I've managed the narrow down the origin of the problem to v0.11.5 so far. The problem does not exist in Caddy v0.11.4, so the culprit must be one of these commits: https://github.com/caddyserver/caddy/compare/v0.11.4...v0.11.5
@Ylianst @krayon007 You can find the information that is required to reproduce the problem below.
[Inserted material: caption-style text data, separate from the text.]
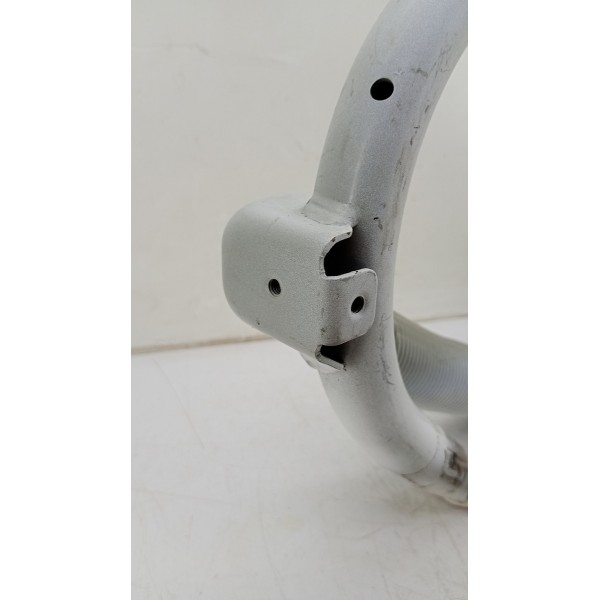 Dobradiça Esquerda Tampa Tras Mercedes C180 2016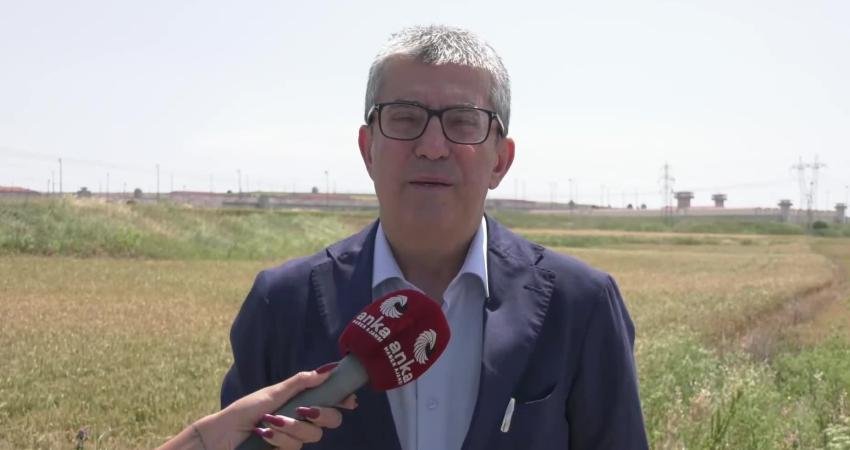 CHP Grup Başkanvekili Gökhan Günaydın, Manisa Büyükşehir Belediye Başkanı Ferdi Zeyrek'in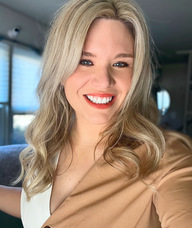 Book an Appointment with Dr. Stacey Rosselot for Free Discovery Call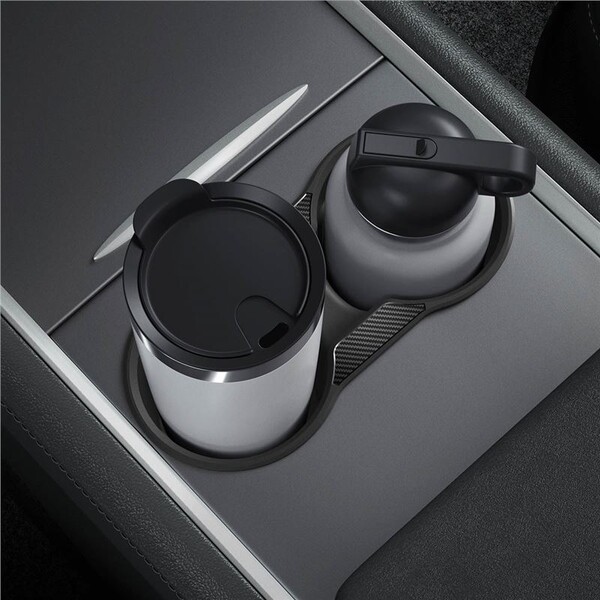 Spigen-Center-Console-Cup-Holder-Insert-Relaxed-Grip-vlozky-do-drzaku-napoju-Tesla-Model-Y-3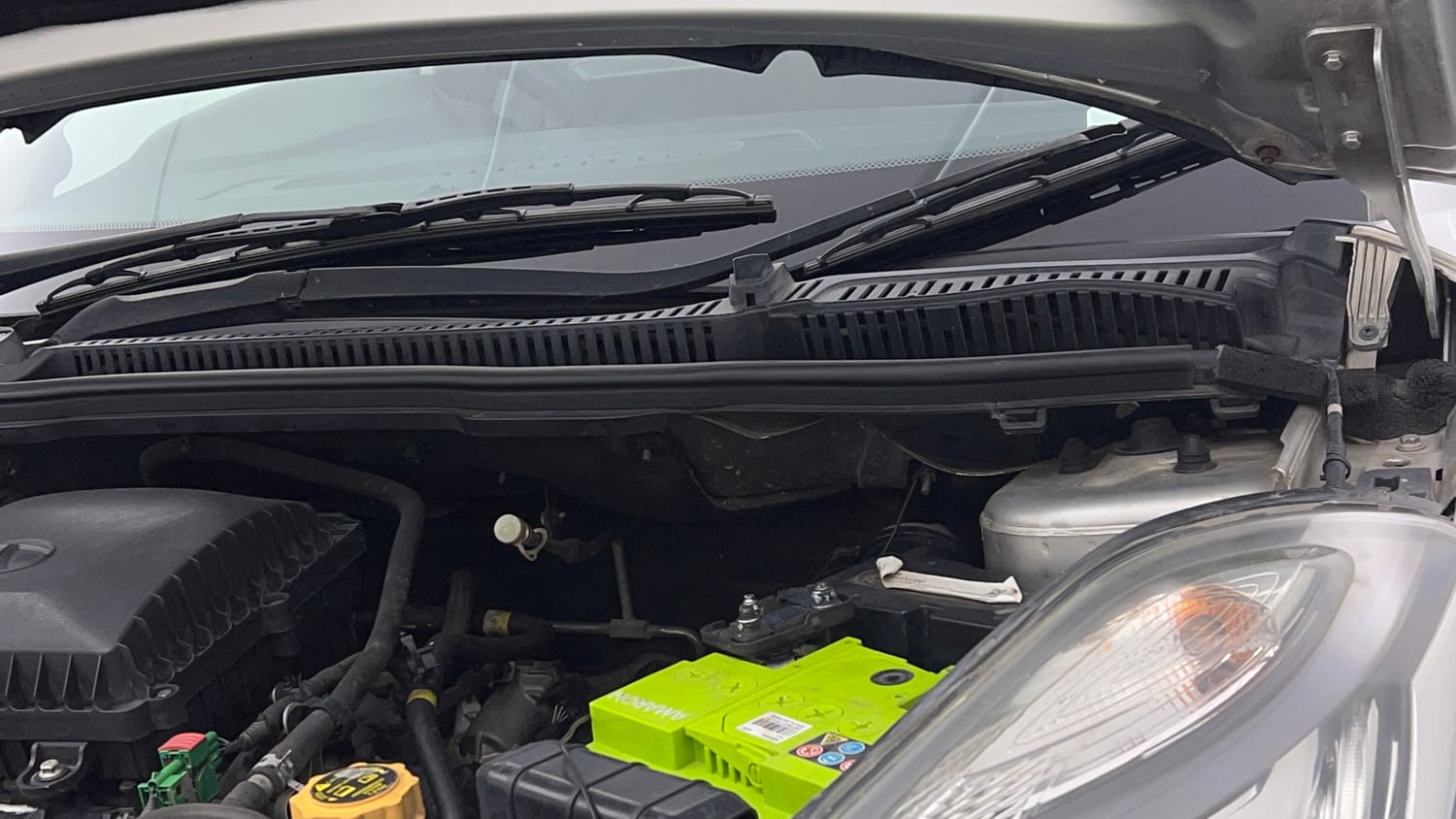 Used 2018 Tata Nexon XZ Plus Petrol Manual engine ENGINE LEFT SIDE HINGE & APRON VIEW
Caddyfile used in both tests
mesh.yourdomain.com:443 {
proxy / 127.0.0.1:7450 {
transparent
websocket
}
tls /root/cert.pem /root/key.pem
}
MeshCentral config used in both tests
{
"settings": {
"AliasPort": 443,
"Cert": mesh.yourdomain.com",
"Port": 7450,
"TlsOffload": "127.0.0.1"
},
"domains": {
"": {
"certUrl": "mesh.yourdomain.com:443",
"newAccounts": 0
}
}
}
Test with Caddy v0.11.4
root@vps-01:~# caddy -version
Caddy 0.11.4 (+c1d6c92 Fri Feb 15 19:06:02 UTC 2019) (unofficial)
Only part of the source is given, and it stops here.